College of Criminology Humanitarian Award, 2006
"One must know oneself," advised the 17th century mathematician and physicist Blaise Pascal. "If this does not serve to discover truth, it at least serves as a rule of life and there is nothing better."
Katherine Weber, the College of Criminology's Humanitarian for 2006, has applied this wisdom to her life. The key, she says, is to continually ask yourself why you believe what you do.
Katherine knows that she is capable of high academic achievement. She has made the Dean's List every semester of her attendance, as well as the President's List and the National Dean's List. In addition to her major, she is carrying two minors—Business and Psychology—and has completed degrees of concentration in Security Administration, Corrections, and Law Enforcement. She is a member of FSU's Honors Program, the National Society of Collegiate Scholars, and has been inducted into four honor societies—Phi Kappa Phi, Mortar Board, Omicron Delta Kappa Leadership, and the Order of Omega Greek Leadership.
She knows that helping others improve their own lives "makes you not only appreciate what you have, but work harder to keep it." Through various animal rescue groups, she fosters animals until a loving and permanent home can be found. Through Camp Boggy Creek, she has counseled children with life-threatening diseases.
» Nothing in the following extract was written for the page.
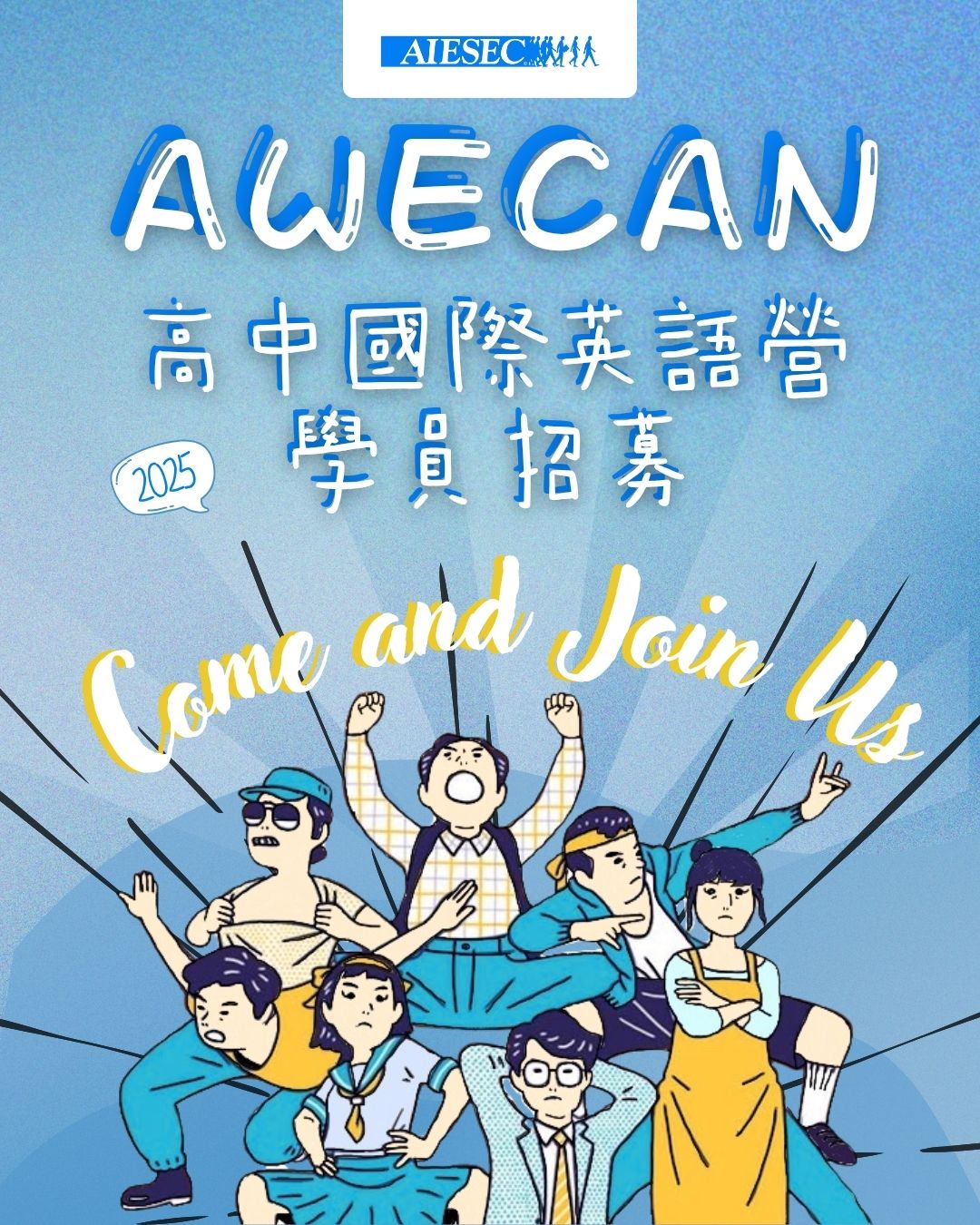 2025 AWECA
Through the Student Disability Resource Center, she has served as a notetaker and tutor. Through her College, she has advised her fellow undergraduates. Through her sorority, Chi Omega, she has raised over $25,000 for the Make-a-Wish Foundation. Through the Refuge House, she has co-sponsored a transitional housing unit for survivors of domestic violence.
At the Jefferson County Correctional Institution, through the ESUBA program ("abuse" spelled backward, representing its turn around), she has helped both male and female offenders understand what abuse is, its devastating effects, and how to prevent it. The experience, says Katherine, "had a great impact on me. I saw dramatic changes in the way the inmates approach situations."
She knows she wants to study law. In preparation, she has served in several capacities for the Alpha Phi Sigma Criminal Justice Honor Society and the Lambda Alpha Epsilon Criminal Justice Professional Fraternity. She recently completed an internship at the Federal Correctional Institution, and is currently interning at the Criminal Appeals and Victim Advocacy section of the Attorney General.
Katherine has learned the interconnectedness of all things.